Para o colegiado, a denúncia do Ministério Público contra Manzan, em relação ao período entre 2009 e 2012, apresentou as condutas supostamente ilícitas do conselheiro de maneira “abstrata e genérica”, prejudicando o exercício do contraditório e da ampla defesa.
De acordo com as investigações da Zelotes, o grupo criminoso manipulava o julgamento de processos administrativos no Tribunal da Receita em troca de propina. Entre os integrantes do grupo, estariam sócios de empresas de consultoria e membros do conselho.
Em um dos processos decorrentes da operação, a denúncia apontou suposta participação de Manzan no favorecimento de empresa que não havia obtido sucesso em procedimento administrativo, e que teria contratado o grupo criminoso para reverter a situação. Após novo julgamento – que contou com a participação do conselheiro investigado -, a empresa teria obtido o direito de ser ressarcida pela União em mais de R$ 37 milhões. Manzan foi denunciado por corrupção passiva e lavagem de dinheiro.
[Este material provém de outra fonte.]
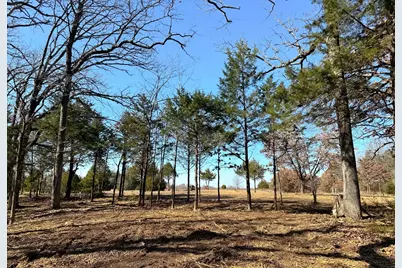 800 Burrows Chapel Road, Gordonville, TX 76245 - Photo 1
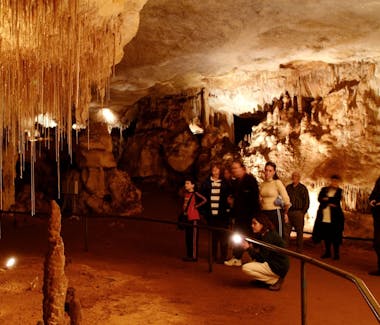 Naracoorte Caves - Alexandra Cave
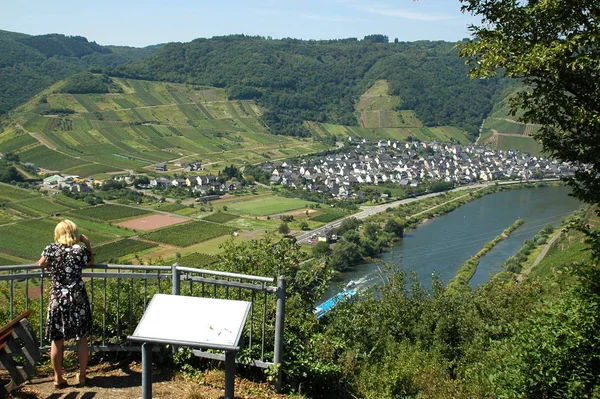 Landsliv Selektivt Fokus — Stockfoto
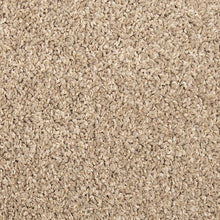 Load image into Gallery viewer, Charming Tones|Blended Tan|BP33C-824 - Sample
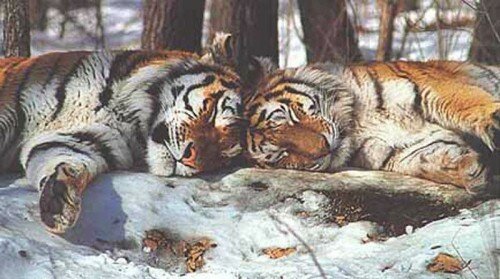 � �������� ������ ���� ������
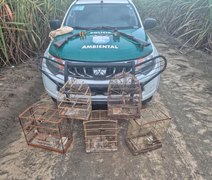 PM-AL resgata mais de 250 animais silvestres e apreende oito armas em ações
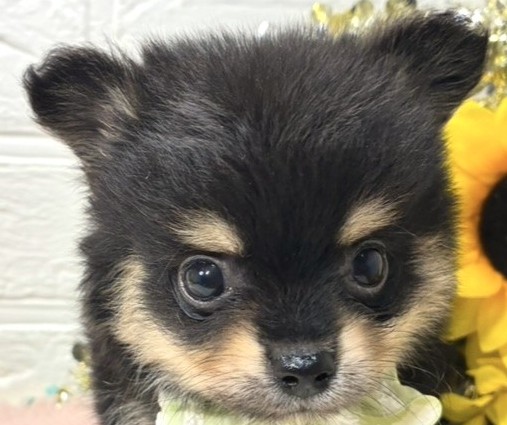 ハーフ犬男の子の写真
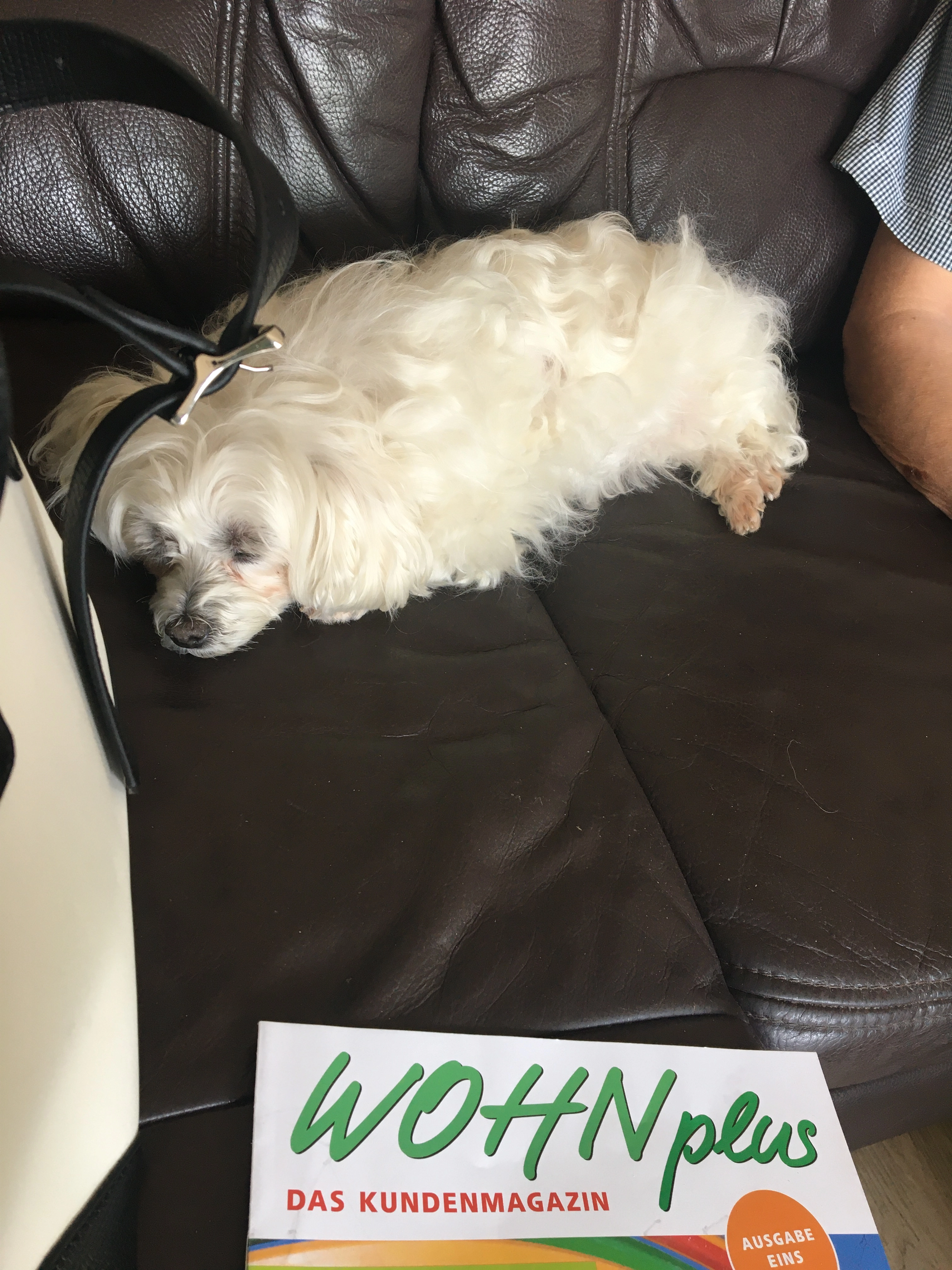 Bambi  - Wormser Straße, Speyer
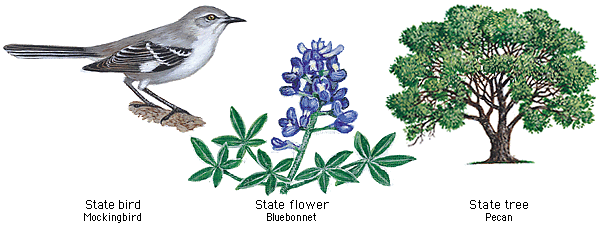 Texas State Bird Flower and Tree | State birds, Bird, Texas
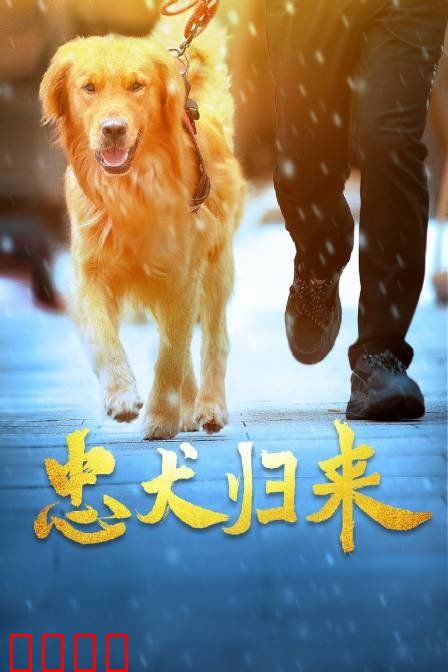 忠犬归来：跨越千里的守望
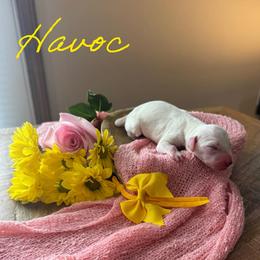 Havoc - White and black female Dalmatian puppy in Mount Vernon, Missouri from Spots & Spirals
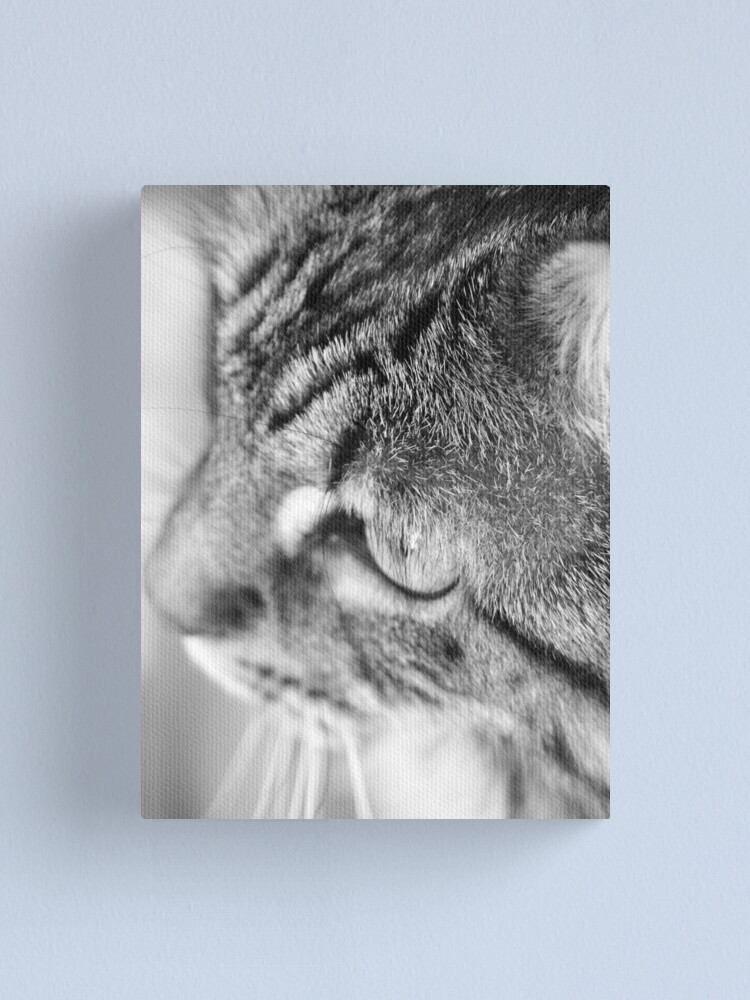 Alternate view of Miss Mona Canvas Print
As informações foram divulgadas pelo STJ.
Ao analisar um primeiro pedido de habeas corpus, o Tribunal Regional Federal da 1ª Região (TRF-1) reconheceu que, em relação ao chamado “quarto período” disposto na acusação (2009 a 2012), houve apenas “afirmação genérica” de que o conselheiro teria recebido vantagem indevida, sem a descrição de qual ela seria, forma de recebimento ou valor. No entanto, o Tribunal entendeu que, em razão de ainda existirem indícios da obtenção de propina nos autos, seria necessário esclarecer melhor os fatos. Nessa linha, negou o trancamento da ação.
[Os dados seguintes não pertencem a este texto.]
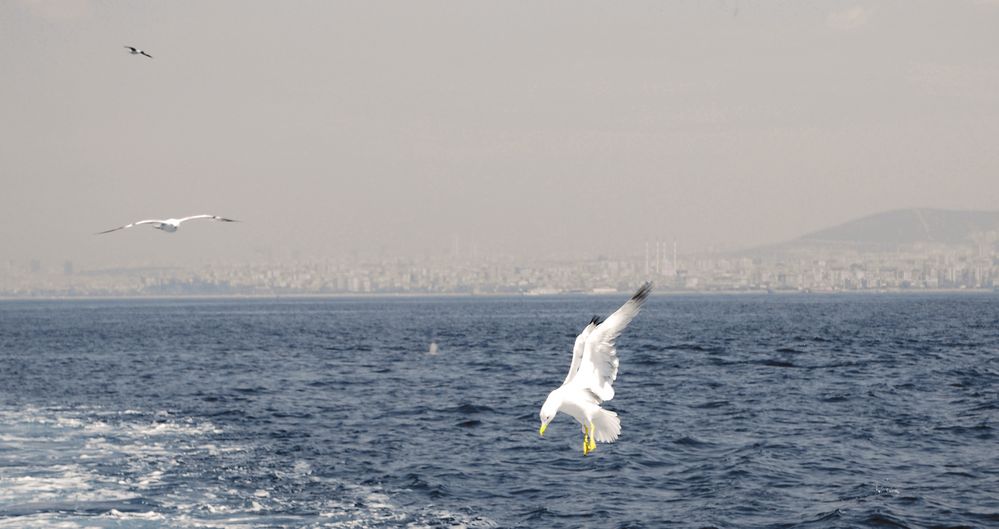 Oiseaux à Istanbul by Jocelyne Fonlupt 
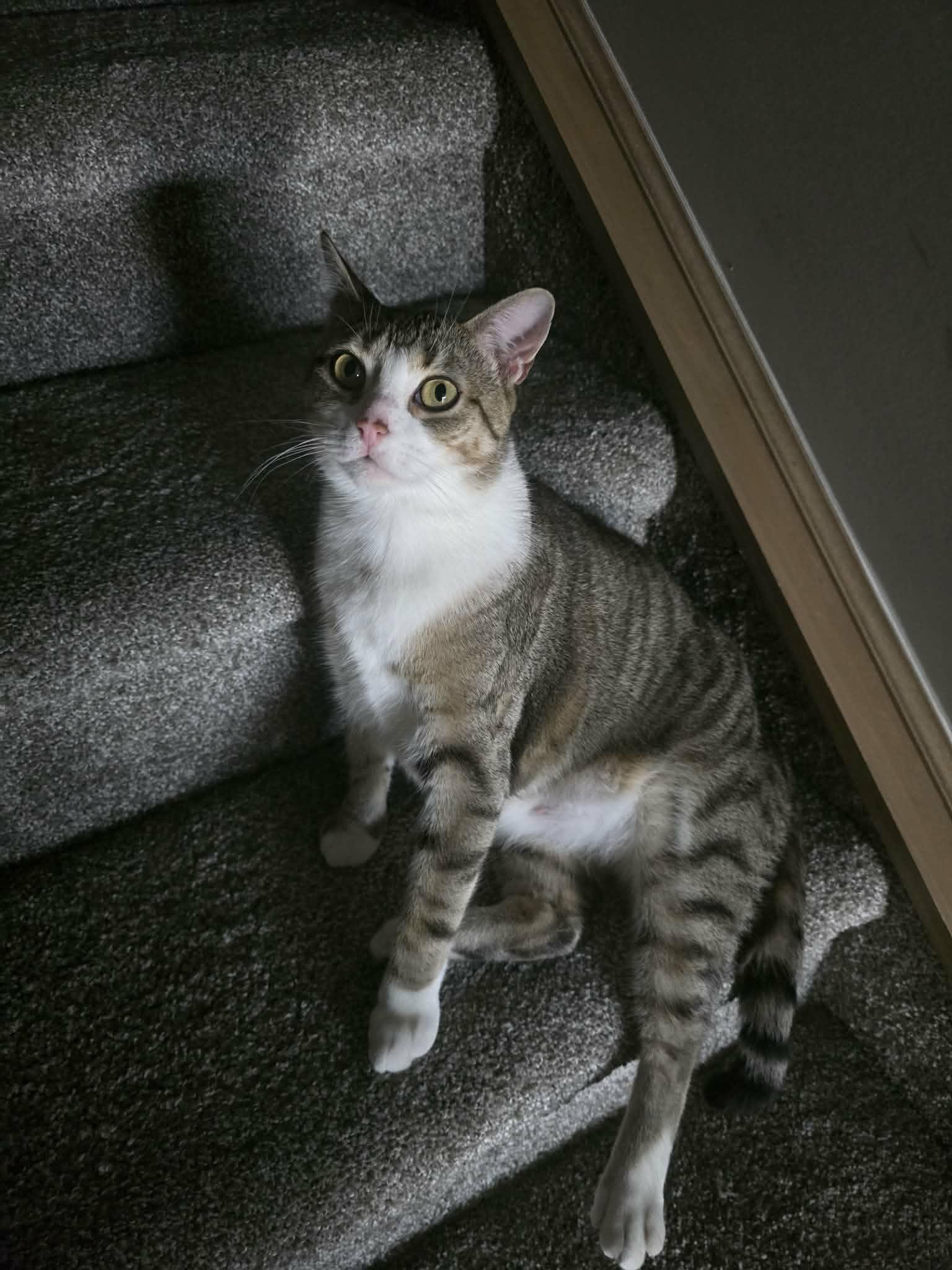 Enlarge MERLOT, a Adoptable Domestic Short Hair in Tillsonburg, ON image 1/6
No entanto, o ministro Nefi Cordeiro, relator do novo habeas no STJ, considerou que o Ministério Público, ao descrever o fato criminoso, não indicou precisamente qual seria a vantagem ilícita recebida pelo conselheiro – “o que não é admissível, pois não há responsabilidade penal objetiva”.
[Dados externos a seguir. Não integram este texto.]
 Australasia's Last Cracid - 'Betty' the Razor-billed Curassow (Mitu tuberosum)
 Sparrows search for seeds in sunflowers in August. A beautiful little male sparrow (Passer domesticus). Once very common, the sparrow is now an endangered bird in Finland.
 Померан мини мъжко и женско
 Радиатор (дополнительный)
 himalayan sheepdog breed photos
Cordeiro destacou que toda denúncia precisa preencher os requisitos do artigo 41 do Código de Processo Penal, devendo conter a exposição do fato criminoso, a qualificação do acusado ou os esclarecimentos para que se possa identificá-lo, a classificação do crime e, quando necessário, o rol de testemunhas.
“As exigências contidas no artigo 41 do CPP foram estabelecidas para garantia e efetividade do princípio da ampla defesa, pois é imperioso que a peça acusatória contenha de forma especificada a imputação, ou seja, a exposição com rigor de detalhes dos fatos criminosos que tenham sido praticados, de forma a permitir ao acusado condições de formular sua defesa no limite da acusação penal que lhe é imposta”, explicou o ministro.
Lavagem de dinheiro
Em relação à suposta ocultação de valores transferidos aos investigados, o relator também considerou a denúncia “genérica”, sem que tenha havido a individualização da conduta do conselheiro na apontada dissimulação.
“De fato, verifica-se que a inicial acusatória mostra-se genérica e imprecisa, porquanto não foram demonstrados os atos do paciente capazes de se amoldarem aos tipos penais previstos no artigo 317, parágrafo 1º, do Código Penal (corrupção passiva) e no artigo 1º da Lei 9.613/1998 (lavagem de dinheiro), notadamente porque não mencionada qual vantagem indevida ou promessa de tal vantagem teria sido solicitada ou recebida, tampouco como e quando a percepção ilícita teria ocorrido e se houve pagamento indevido”, concluiu o ministro.